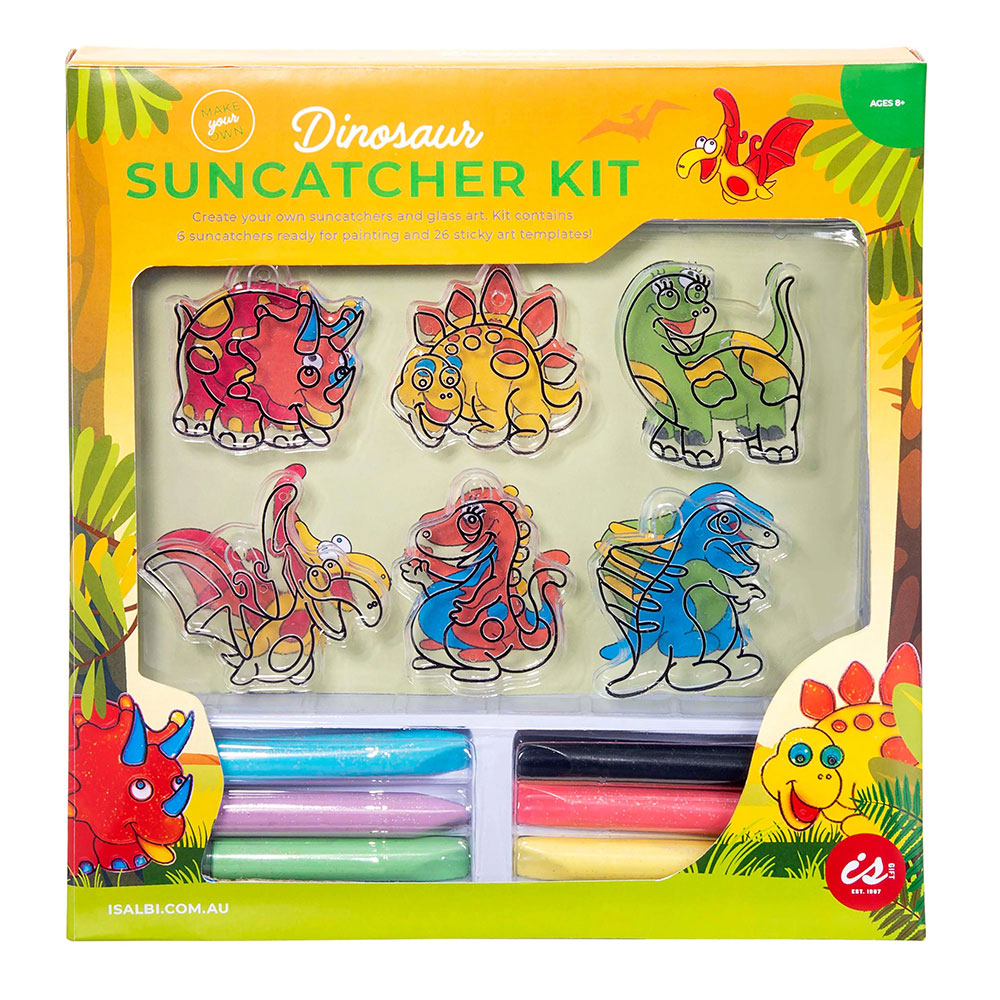 Paint your own dinosaur sun catcher art kit. Photographed against white background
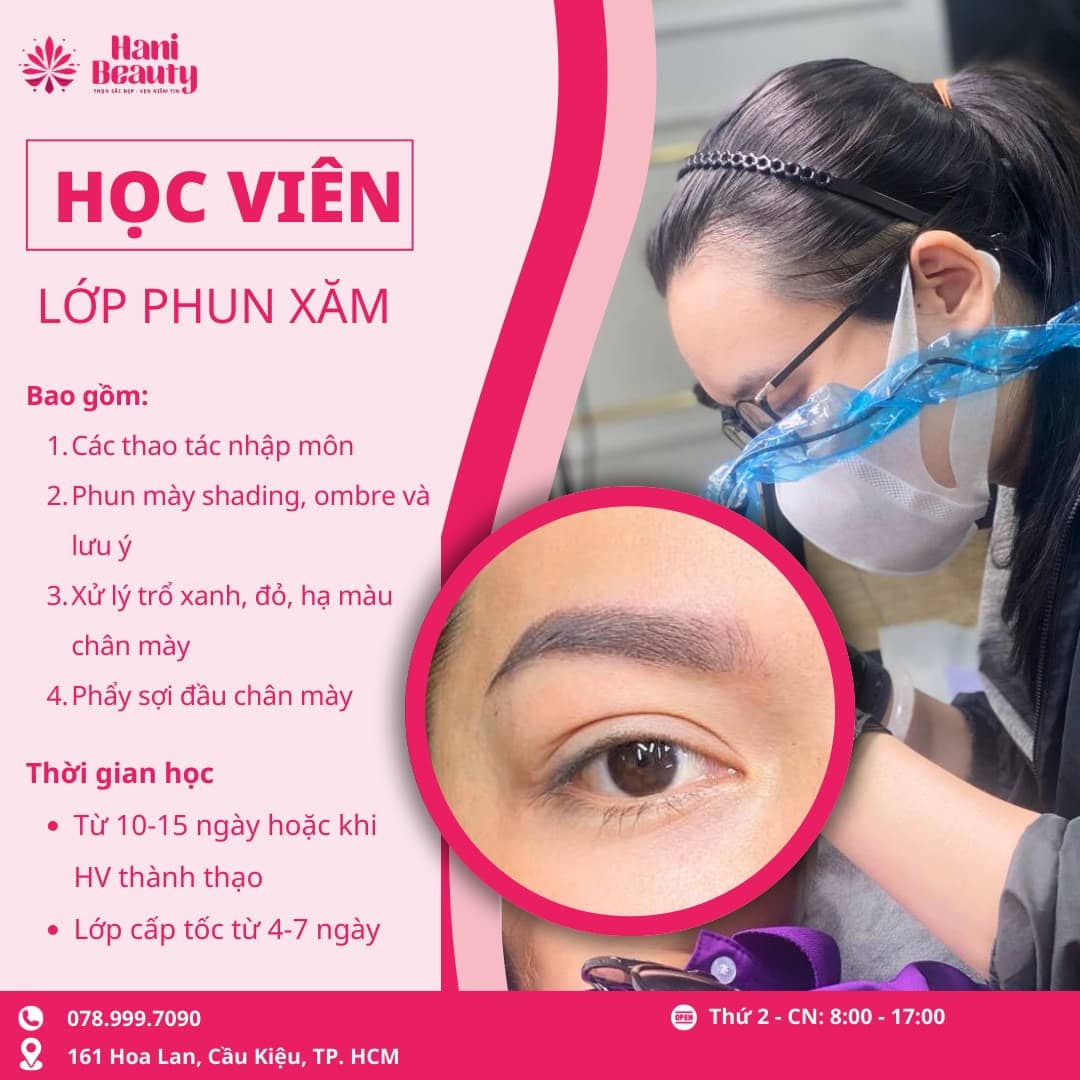 Học phí minh bạch cho khóa học phun xăm chuyên nghiệp cho người mới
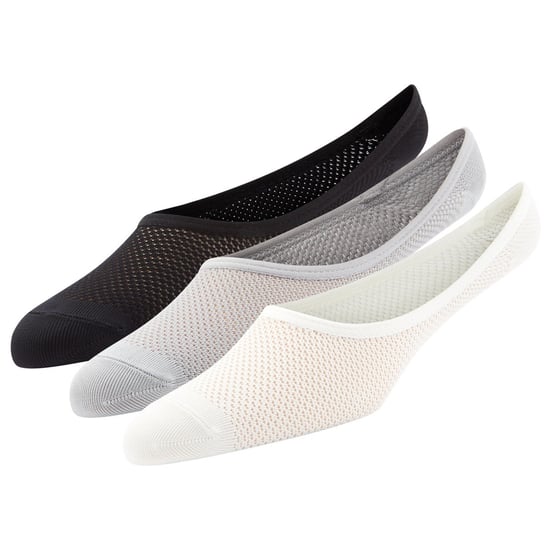 Superga Womens/Ladies No Show Socks (Pack of 3) (White/Grey/Black) - Image 1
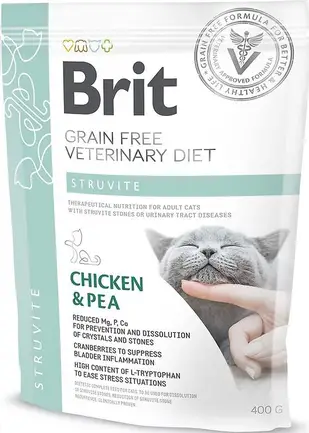 Сухий корм Brit GF VetDiet Cat Struvite для котів, при сечокам'яній хворобі, з куркою та горохом, 400 г: додаткове фото 8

▶ [AIM OF THE TASK] Print the material precisely as given, dropping any images it holds.

▶ [RESULT FOR THIS TASK]
 Paint your own dinosaur sun catcher art kit. Photographed against white background
 Học phí minh bạch cho khóa học phun xăm chuyên nghiệp cho người mới
 Superga Womens/Ladies No Show Socks (Pack of 3) (White/Grey/Black) - Image 1
 Сухий корм Brit GF VetDiet Cat Struvite для котів, при сечокам'яній хворобі, з куркою та горохом, 400 г: додаткове фото 8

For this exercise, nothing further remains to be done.